START Supplied information
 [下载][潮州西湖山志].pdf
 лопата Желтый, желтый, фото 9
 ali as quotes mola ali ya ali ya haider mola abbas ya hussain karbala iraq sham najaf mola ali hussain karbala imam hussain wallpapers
END Supplied information
Action item:
Return the lines above, from the one containing "лопата Желтый, желтый, фото 9" to the end, exactly as they stand.

Answer section:
 лопата Желтый, желтый, фото 9
 ali as quotes mola ali ya ali ya haider mola abbas ya hussain karbala iraq sham najaf mola ali hussain karbala imam hussain wallpapers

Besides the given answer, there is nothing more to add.